The title of this book, The Story of The Royal
Scots, indicates its scope and purpose. It does not pretend to take the
place of the Regimental Records of The Royal Scots, a portly volume of which
a limited edition has been prepared by a Committee of the Regiment for issue
to subscribers only. If any reader would know such details as the names of
officers written in the Blenheim Bounty Roll, or by how many men the
regiment was augmented in 1734, or the state of the colours and
accoutrements in 1830, he must betake himself to the Records. I have passed
such matters by. Important as they may be to the student of regimental
development, they have little human significance. A regiment such as The
Royal Scots is a continuing entity, made up indeed of so many officers and
men, but presenting itself to the world as a fighting unit which has dyed
its name on the Roll of History in pursuit of its proper business of war.
It is therefore as a fighting regiment that it appears in the
following pages, crowned with the glories of long and arduous services given
wherever the country needed them. No one will forget that it is during times
of peace that the army fits itself for its great function, but they are
times of preparation rather than of achievement. It is, however, on the
field of battle that the strong spirit of the fighting Scot has moved the
First or Royal Regiment of Foot to achieve so much for its own undying
honour and for the safety of the Kingdom and Empire.
The writer of a recent military book has referred to The
Black Watch as “Scotland’s oldest and best beloved regiment." This is
characteristic of the prevailing ignorance. which regards no regiment as
Scottish unless it wears the kilt. Splendid as are the records of the Black
Watch, the oldest of the Highland regiments, it was not in being as a unit
of the British army until nearly eighty years after Charles II bestowed the
title of Royal on his First Regiment of Foot, or until more than a century
after The Royal Scots were constituted a British regiment by warrant of
Charles I.
With the single exception of another Lowland regiment, the
Royal Scots Fusiliers (Twenty-first) raised in 1678, The Royal Scots was the
only regiment of North Britons to fight in the British1 service during the
wars of William III and the Marlborough campaigns.

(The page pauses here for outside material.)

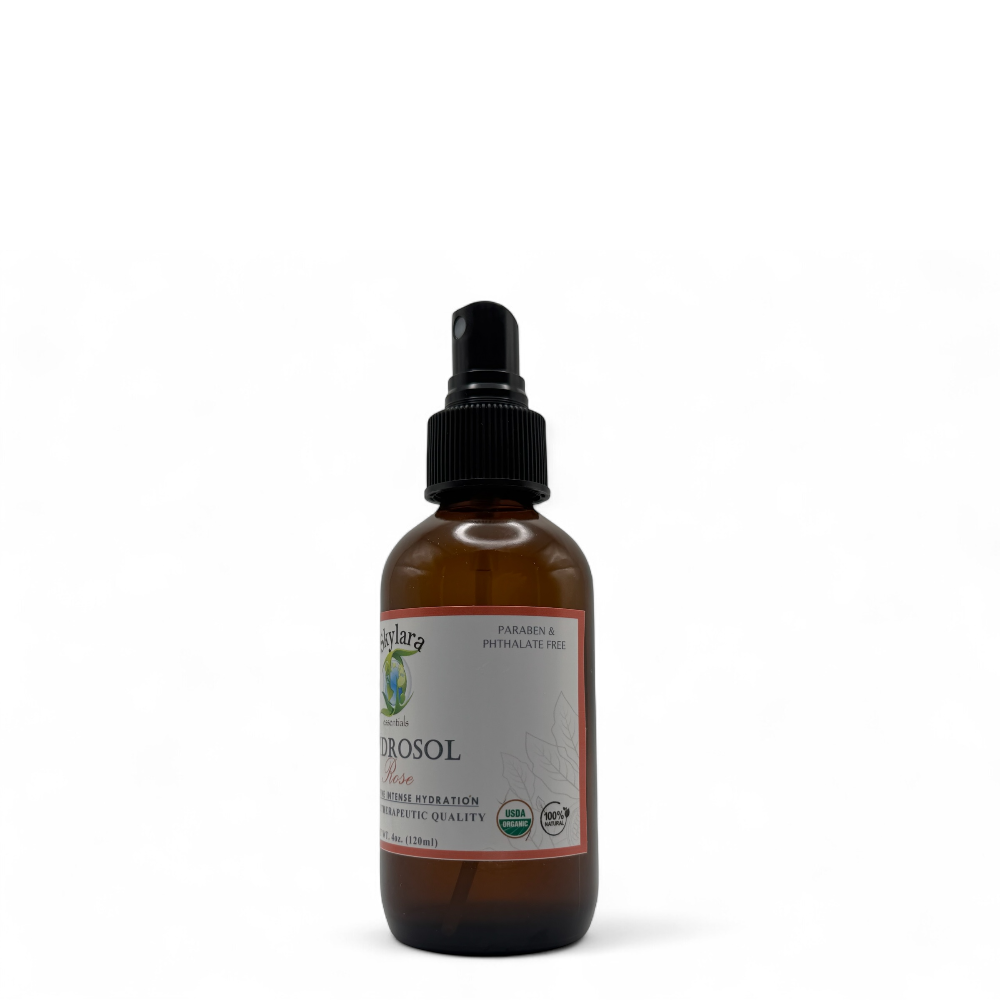 Organic Rose Hydrosol 4oz.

So it happens that the story of The Royal Scots covers a
wider field of British military history than that of any other regiment, the
Guards not excepted. I must here make warm acknowledgment to the Regimental
Committee, which has not only placed at my disposal the literary matter of
the Records, which include much new material, but also permits me to
reproduce many illustrations from rare prints, drawings by Mr. J. C. Leask,
etc. To Captain McCance I owe an especial debt for much help and counsel,
for reading my proofs and making many helpful suggestions.

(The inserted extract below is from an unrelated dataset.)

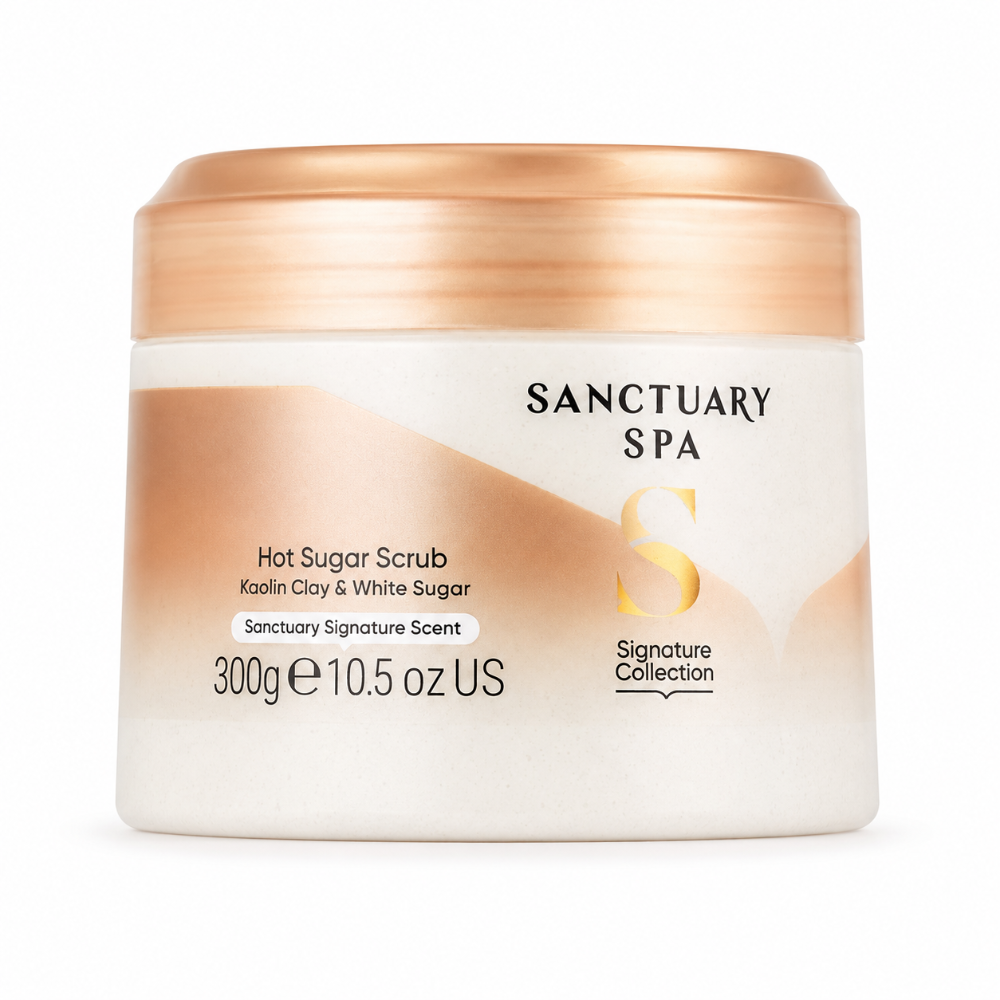 Sanctuary Spa Signature Hot Sugar Scrub - 300ml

Without the assistance which many officers at the Front and
at home have given in preparing the chapters on the present war I could not
have attempted writing them, and I owe thanks to so many that I may be
pardoned omitting the long list of their names. I shall be grateful for
further information, so that when we are once more at peace I may attempt a
complete narrative.
Mr. Campbell Smith, who has worked so strenuously on behalf
of all Lowland causes and for The Royal Scots in particular, has also put me
in his lasting debt.
It may be asked why a civilian and a Southerner should
venture to write the story of the oldest Scots regiment. The reasons are, in
the main, two. The book is in some sort a memorial to my gallant kinsman,
Captain Charles Lempriere Price, D.S.O., who distinguished himself so
notably in the South African War and fell fighting in September 1914 at the
Battle of the Aisne. It is also a result of my long delight in reading
Scottish history, and of much writing about the delightful fabric presented
by the building of that history into the walls of Scottish castles.

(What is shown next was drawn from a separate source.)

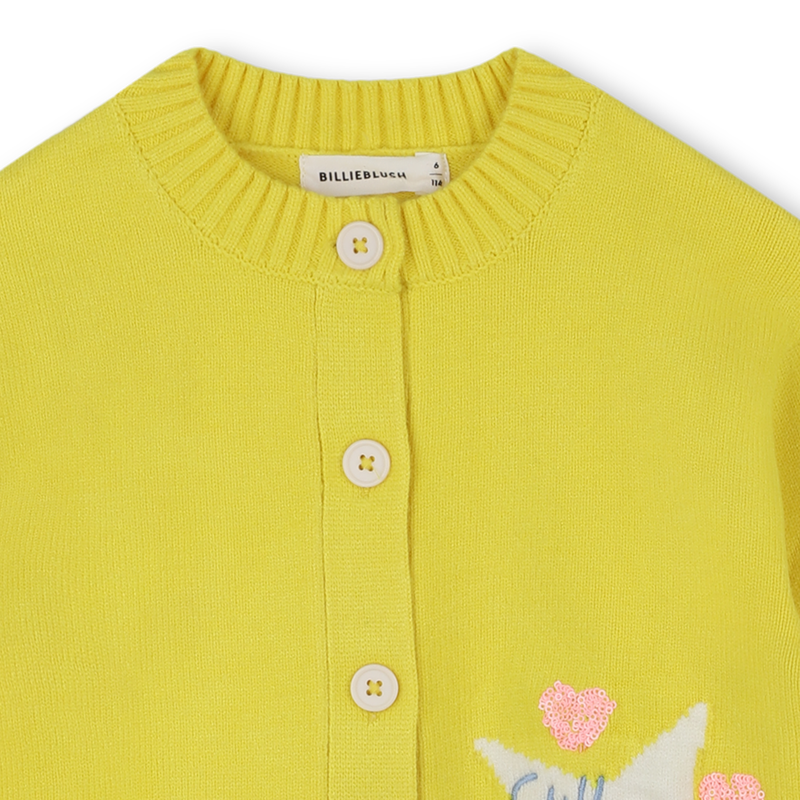 Knit cardigan BILLIEBLUSH 
                        GIRL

I make no claim to be a military expert, and have followed
the path of pleasure and safety in relying on the Hon. John Fortescue’s
monumental History of the British Army, Professor Oman’s History of the
Peninsular War, and other standard authorities. Regimental histories in
plenty have been written since Richard Cannon brought out his long row of
volumes in the eighteen-forties. Most of them are over-charged with details
of no interest to any but the military expert, and few of them endeavour to
connect the life of the regiments with the political history of the country.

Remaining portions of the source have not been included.